[Brief descriptive captions]

Start of Block

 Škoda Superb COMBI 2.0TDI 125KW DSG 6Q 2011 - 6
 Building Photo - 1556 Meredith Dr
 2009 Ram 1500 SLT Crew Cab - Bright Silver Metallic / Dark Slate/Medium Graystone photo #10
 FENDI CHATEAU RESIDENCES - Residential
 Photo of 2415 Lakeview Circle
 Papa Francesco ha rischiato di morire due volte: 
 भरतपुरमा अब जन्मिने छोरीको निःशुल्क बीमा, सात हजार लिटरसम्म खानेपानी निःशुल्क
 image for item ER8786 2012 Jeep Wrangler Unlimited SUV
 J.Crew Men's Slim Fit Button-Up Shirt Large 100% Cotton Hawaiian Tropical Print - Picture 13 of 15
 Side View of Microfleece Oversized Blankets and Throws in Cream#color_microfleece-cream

End of Block

Work required: Please copy exactly, and only, the lines from the line containing "2009 Ram 1500" through the last line of the records, with both ends included.

Task output:
 2009 Ram 1500 SLT Crew Cab - Bright Silver Metallic / Dark Slate/Medium Graystone photo #10
 FENDI CHATEAU RESIDENCES - Residential
 Photo of 2415 Lakeview Circle
 Papa Francesco ha rischiato di morire due volte: 
 भरतपुरमा अब जन्मिने छोरीको निःशुल्क बीमा, सात हजार लिटरसम्म खानेपानी निःशुल्क
 image for item ER8786 2012 Jeep Wrangler Unlimited SUV
 J.Crew Men's Slim Fit Button-Up Shirt Large 100% Cotton Hawaiian Tropical Print - Picture 13 of 15
 Side View of Microfleece Oversized Blankets and Throws in Cream#color_microfleece-cream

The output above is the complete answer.